Anne-Laure Archambault : En l'espèce, il faut garder en tête qu'il s'agissait d'un trajet d'une durée totale de trente minutes, et non de six heures. Il faut donc rapprocher le temps prévu pour la correspondance au temps estimé du premier train. Mais en tout état de cause, il s'agit à chaque fois d'une question d'espèce et les juges doivent procéder à une appréciation in concreto.

Lexbase : En l'espèce, l'avocat a été indemnisé à hauteur de 500 euros pour le préjudice moral qu'il a subi à raison de "l'inquiétude et l'énervement qu'il a subi". Cet arrêt annonce-t-il la multiplication des contentieux à l'encontre de la SNCF ?

Anne-Laure Archambault : La solution selon laquelle l'obligation de ponctualité est une obligation de résultat avait déjà été retenue par la cour d'appel de Riom dans son arrêt en date du 6 juin 1995.

L'arrêt rendu par la cour d'appel de Paris vient donc confirmer cette jurisprudence, et lui confère une portée plus importante ; la jurisprudence est donc maintenant clairement posée. Par ailleurs, la cour d'appel de Paris a voulu "marquer le coup" en prononçant des condamnations qui ne sont pas minimum, mais plutôt satisfaisantes (notamment en ce qui concerne les 1 000 euros obtenus au titre de la perte de crédibilité vis-à-vis d'un client ou encore les 500 euros octroyés au titre du préjudice moral subi à raison de "l'inquiétude et l'énervement").

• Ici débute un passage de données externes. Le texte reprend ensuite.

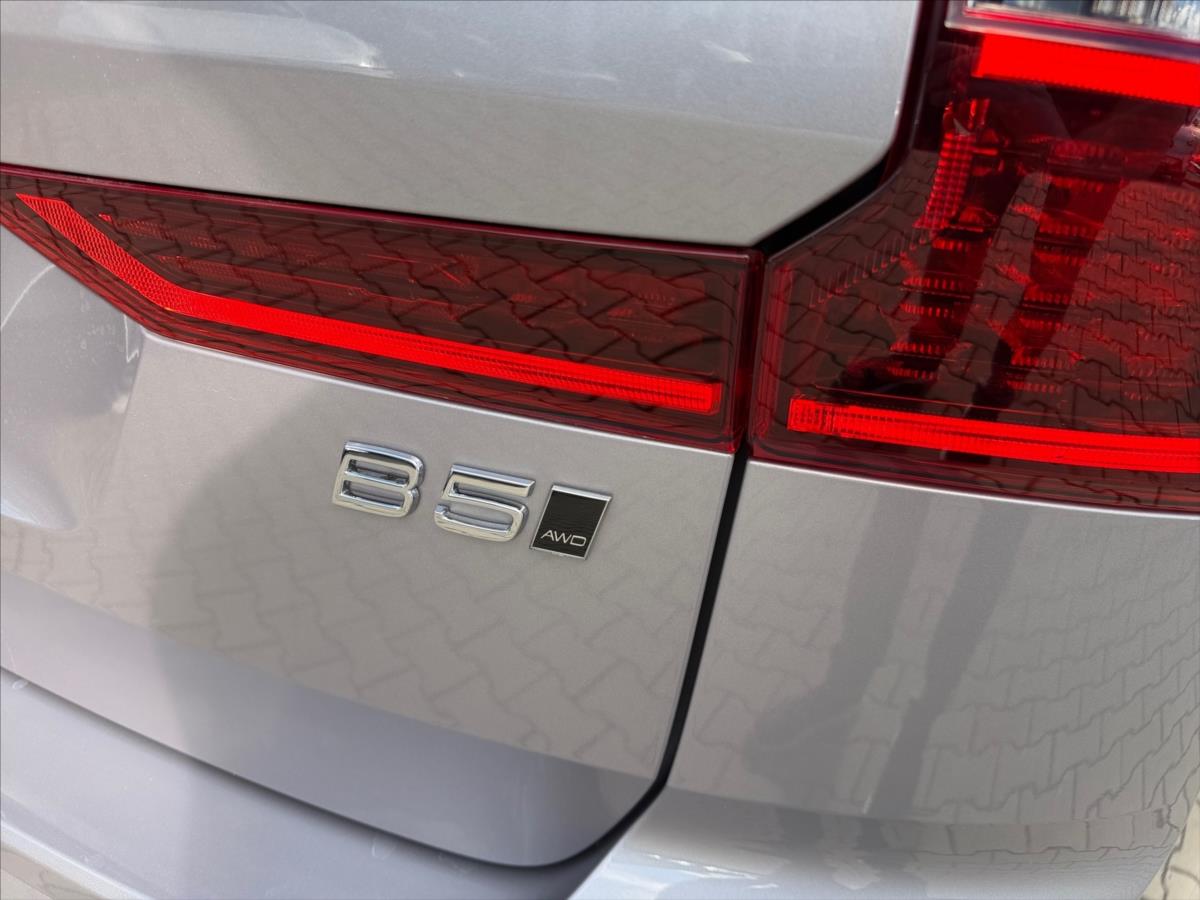 Volvo XC60 2,0 B5 Plus Dark 4337 Volvo XC60 2,0 B5 Plus Dark 4337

Cela étant, même si l'on peut imaginer que, théoriquement, les litiges de ce genre sont nombreux et que le contentieux peut être amené à se multiplier, la France n'est pas un pays très judiciarisé ; pour les Français, le recours au juge reste quelque chose d'exceptionnel. Je ne pense donc pas que l'on va assister à une démultiplication du contentieux.

Lexbase : Faut-il privilégier une action groupée ?

Anne-Laure Archambault : On peut tout à fait imaginer que les personnes victimes d'un retard sur un même train se regroupent pour assigner la SNCF en justice en demandant chacune réparation de son préjudice individuel. Cela permet, d'abord, de limiter les frais d'avocat, ensuite, d'augmenter le montant des demandes et, par conséquent, de relever de la compétence du tribunal d'instance ou du tribunal de grande instance à charge d'appel.

Je précise qu'il ne s'agit pas d'une action de groupe, mais d'une action groupée : chaque usager demande réparation de son préjudice individuel. En effet, la véritable action de groupe, ou encore class action, n'existe pas en droit français.

Lexbase : En cas de retard supérieur à trente minutes, la SNCF propose, sous certaines conditions, de rembourser partiellement ou totalement le titre de transport. Que pensez-vous de cette pratique ?

Anne-Laure Archambault : Cette pratique est favorable à la SNCF, puisqu'elle lui permet d'obtenir l'accord de la victime sur l'indemnisation et d'éviter ensuite toute contestation. En tant que victime, il faut refuser si l'on estime que le préjudice subi est plus important et si l'on envisage d'engager une action en justice.